Aim of the exercise:
Copy nothing but the lines from the one containing "Represent Owners Club" through the last line of the entries below, exactly as written and without pictures.

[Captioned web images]
*** Begin section ***

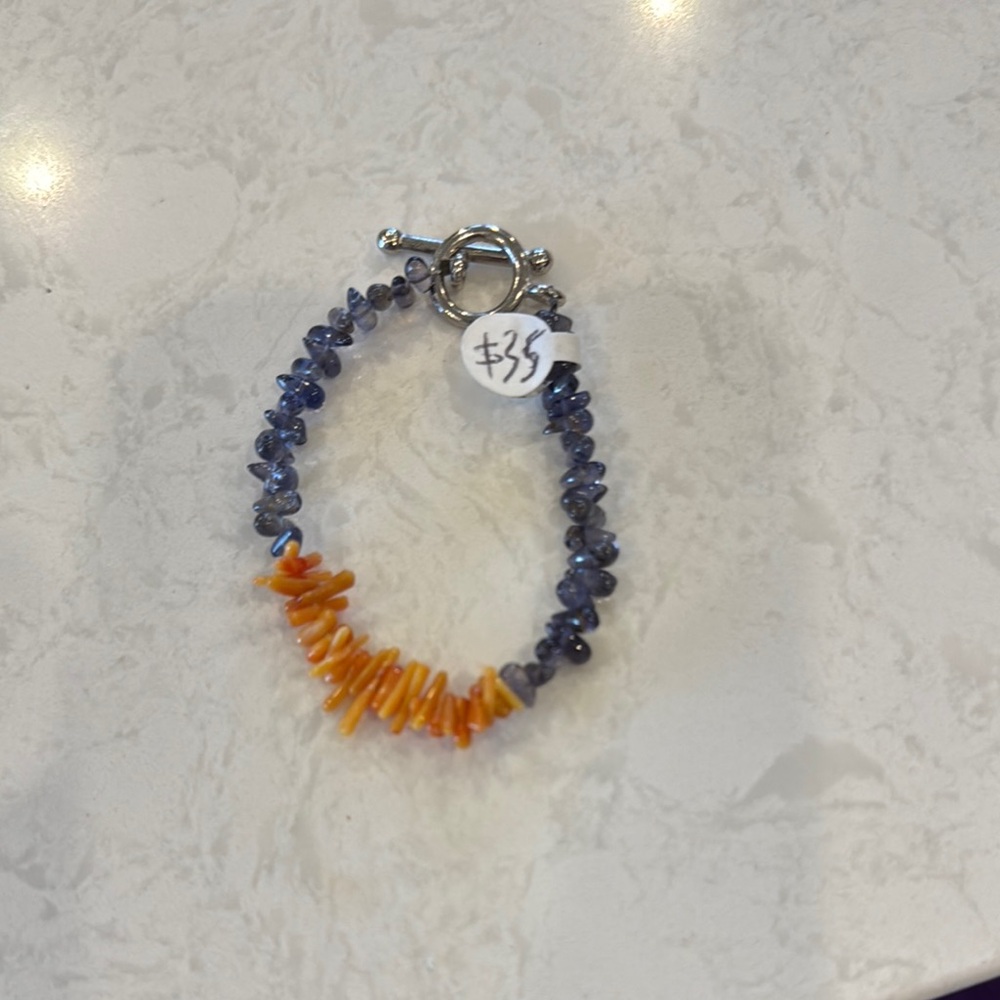 Blue and Orange Beaded Bracelet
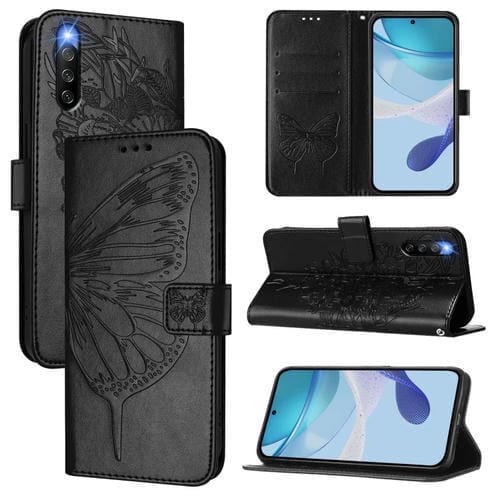 Funda de Cuero para Sony Xperia 10 IV con Diseño de Mariposa en Relieve (Negra)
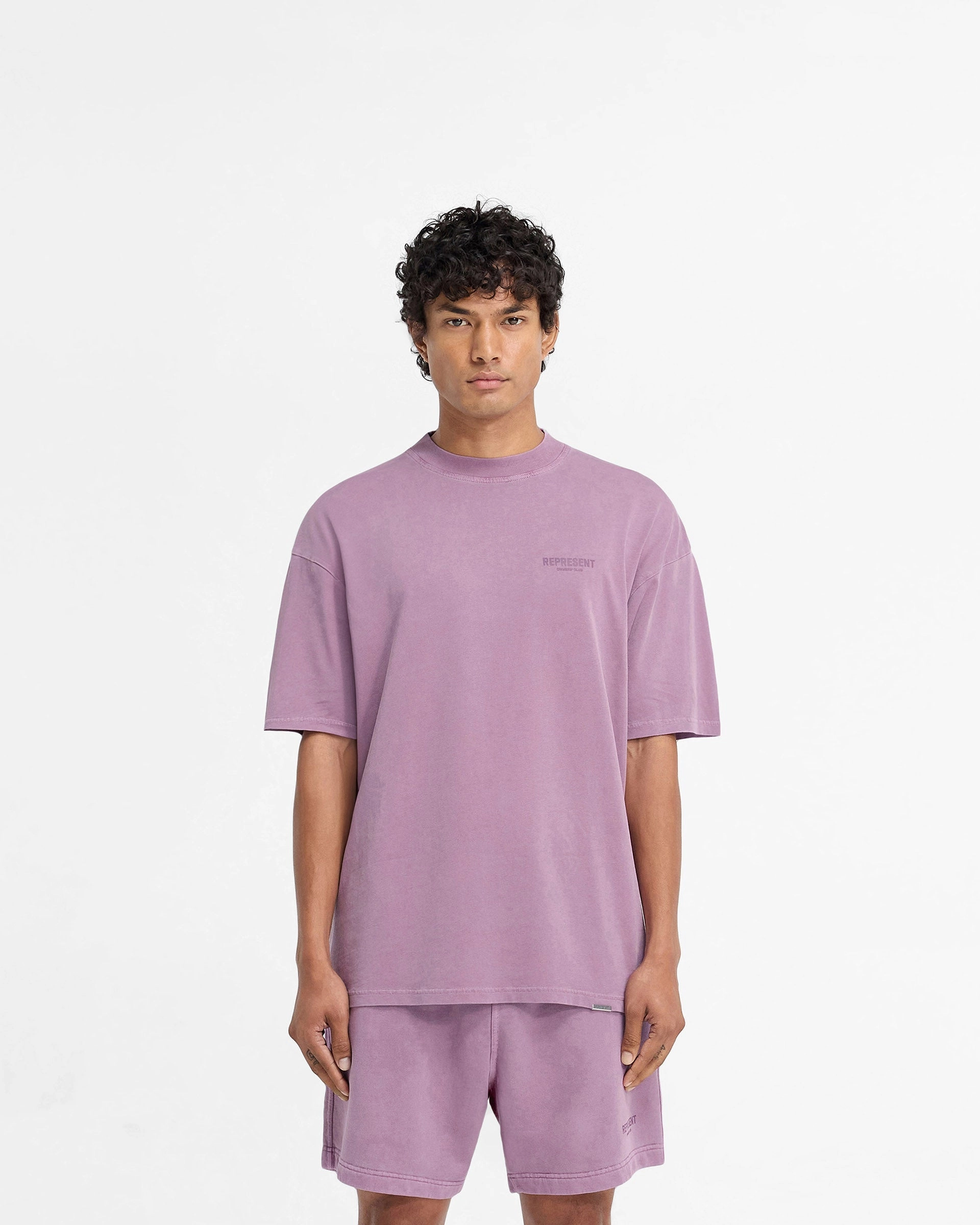 Represent Owners Club T-Shirt - Mid Purple Fade Resistant Dye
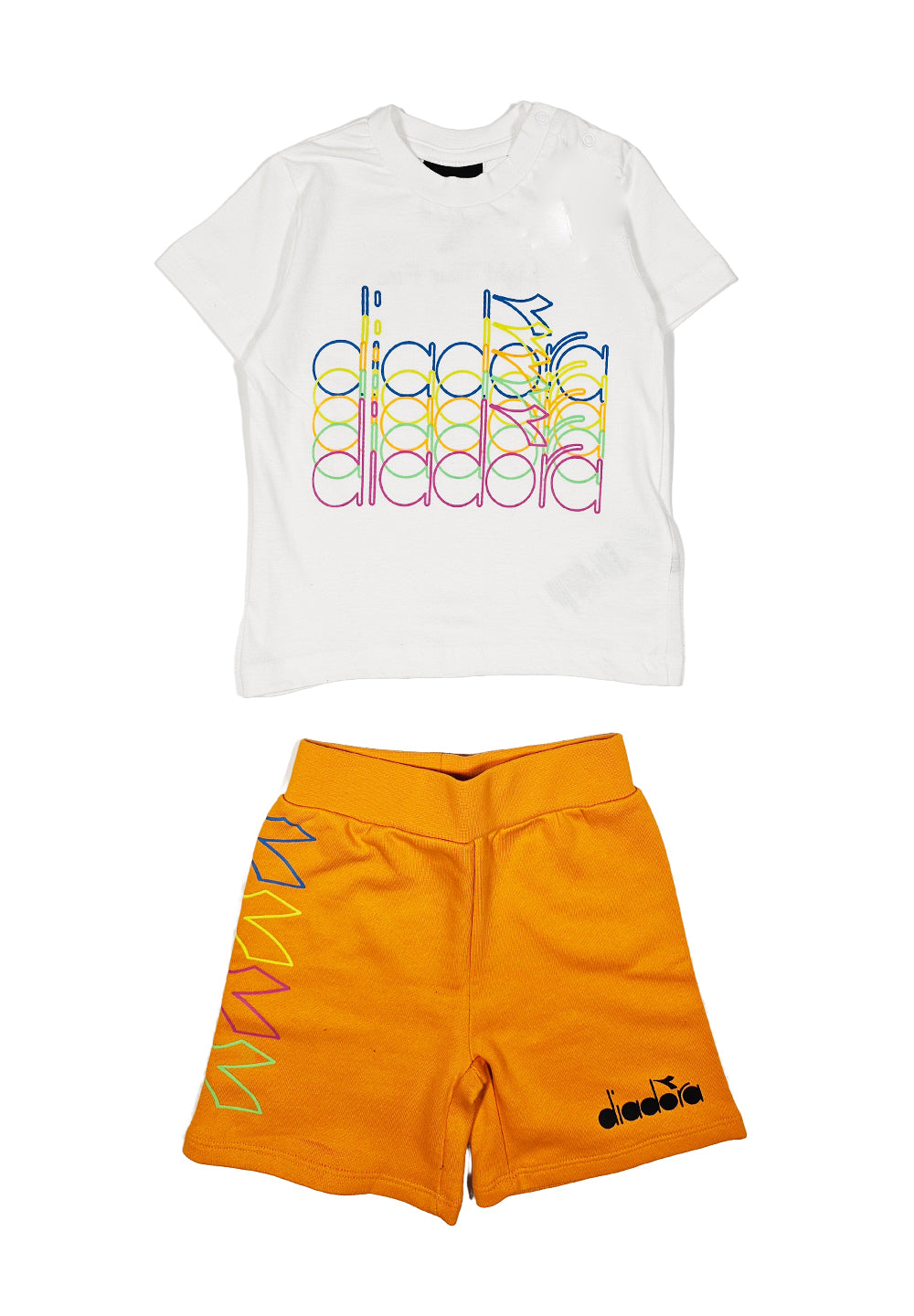 Completo bianco-arancione per bambino - Primamoda kids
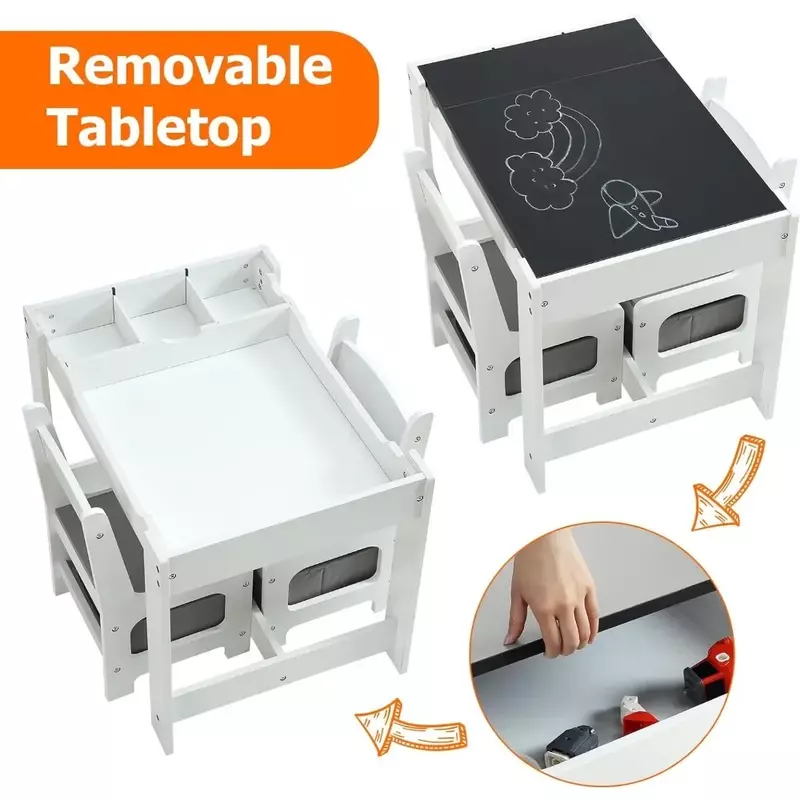 Kids table set, 3-in-1 kids activity table with storage, detachable tabletop, chalkboard, 3-piece toddler furniture set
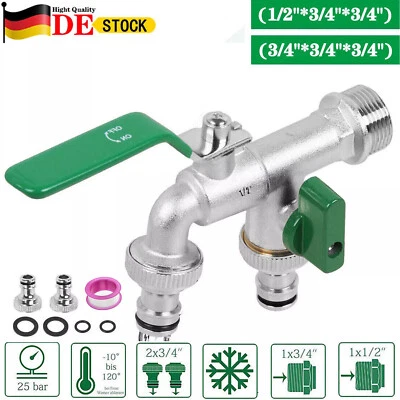 Doppel Wasserhahn Garten 1/2, 3/4 Zoll Anschluss Kugelhahn Messing Auslaufhahn  - Bild 1 von 4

*** End section ***

Answer area:
 Represent Owners Club T-Shirt - Mid Purple Fade Resistant Dye
 Completo bianco-arancione per bambino - Primamoda kids
 Kids table set, 3-in-1 kids activity table with storage, detachable tabletop, chalkboard, 3-piece toddler furniture set
 Doppel Wasserhahn Garten 1/2, 3/4 Zoll Anschluss Kugelhahn Messing Auslaufhahn  - Bild 1 von 4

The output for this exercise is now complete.